The Bombay High Court Monday directed the Brihanmumbai Municipal Corporation to file a reply to a petition challenging its current solid waste management rules for housing societies in the metropolis. The public interest litigation (PIL), filed by city resident Aparajita Aiyer, has highlighted problems in a 2017 BMC notification that made it mandatory for hotels, malls and large housing societies -- termed by the civic body as bulk waste generators-- to segregate dry and wet waste at source and to treat or compost the wet waste it generated.
The PIL, however, claimed that the notification was issued by the BMC in haste without creating adequate awareness among residents, housing society office-bearers, etc on waste segregation, treatment and composting. The plea stated that while the BMC's intention behind such notification was noble and much needed, it must be directed to first provide adequate awareness and training to residents.
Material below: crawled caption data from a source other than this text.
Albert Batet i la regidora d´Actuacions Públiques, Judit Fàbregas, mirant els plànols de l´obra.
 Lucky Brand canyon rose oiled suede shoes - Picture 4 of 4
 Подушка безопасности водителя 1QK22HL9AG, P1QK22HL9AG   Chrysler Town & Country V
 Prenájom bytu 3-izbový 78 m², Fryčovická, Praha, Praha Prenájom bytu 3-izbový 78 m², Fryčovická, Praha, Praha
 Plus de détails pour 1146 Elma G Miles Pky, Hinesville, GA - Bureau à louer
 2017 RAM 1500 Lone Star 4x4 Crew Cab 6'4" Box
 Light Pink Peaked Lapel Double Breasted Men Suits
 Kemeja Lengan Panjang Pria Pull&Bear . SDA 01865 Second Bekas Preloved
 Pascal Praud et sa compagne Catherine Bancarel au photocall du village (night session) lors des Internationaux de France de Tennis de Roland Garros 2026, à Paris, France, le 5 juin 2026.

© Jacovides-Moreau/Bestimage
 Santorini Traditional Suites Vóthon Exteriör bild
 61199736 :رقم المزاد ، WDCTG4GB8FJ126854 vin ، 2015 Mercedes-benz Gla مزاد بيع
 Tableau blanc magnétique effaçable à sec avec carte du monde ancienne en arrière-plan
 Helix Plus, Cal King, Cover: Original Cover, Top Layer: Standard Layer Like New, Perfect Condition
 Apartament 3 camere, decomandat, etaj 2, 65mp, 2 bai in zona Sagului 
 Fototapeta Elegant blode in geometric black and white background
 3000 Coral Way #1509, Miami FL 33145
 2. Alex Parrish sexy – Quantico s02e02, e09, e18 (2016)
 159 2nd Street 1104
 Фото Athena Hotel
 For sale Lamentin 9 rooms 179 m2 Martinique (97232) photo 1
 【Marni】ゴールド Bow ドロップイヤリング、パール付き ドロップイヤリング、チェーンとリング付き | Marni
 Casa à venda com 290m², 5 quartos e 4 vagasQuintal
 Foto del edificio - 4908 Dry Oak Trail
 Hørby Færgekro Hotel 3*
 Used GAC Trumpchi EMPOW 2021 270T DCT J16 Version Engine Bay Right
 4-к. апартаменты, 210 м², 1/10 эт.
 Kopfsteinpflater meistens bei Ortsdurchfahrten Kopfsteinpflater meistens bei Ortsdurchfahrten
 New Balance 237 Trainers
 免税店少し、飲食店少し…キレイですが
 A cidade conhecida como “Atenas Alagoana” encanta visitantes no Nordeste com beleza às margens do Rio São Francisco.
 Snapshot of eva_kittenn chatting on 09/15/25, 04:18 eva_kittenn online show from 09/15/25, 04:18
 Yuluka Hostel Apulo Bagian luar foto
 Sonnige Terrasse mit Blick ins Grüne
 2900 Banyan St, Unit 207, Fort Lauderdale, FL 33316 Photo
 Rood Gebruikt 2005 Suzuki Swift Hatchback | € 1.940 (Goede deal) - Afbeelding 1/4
The petitioner's lawyer, advocate Shweta Kamble, also told a bench of Chief Justice Naresh Patil and Justice NM Jamdar that even as the BMC was making waste segregation at source mandatory, its own staff was collecting such waste and ultimately dumping all the waste together at the landfill site. The bench directed the BMC to file its reply within the next two weeks.
In 2017, the BMC had ordered all housing societies and commercial establishments larger than 20,000 square metres or those producing more than 100 kilogrammes wet waste to start segregating and composting waste in their premises.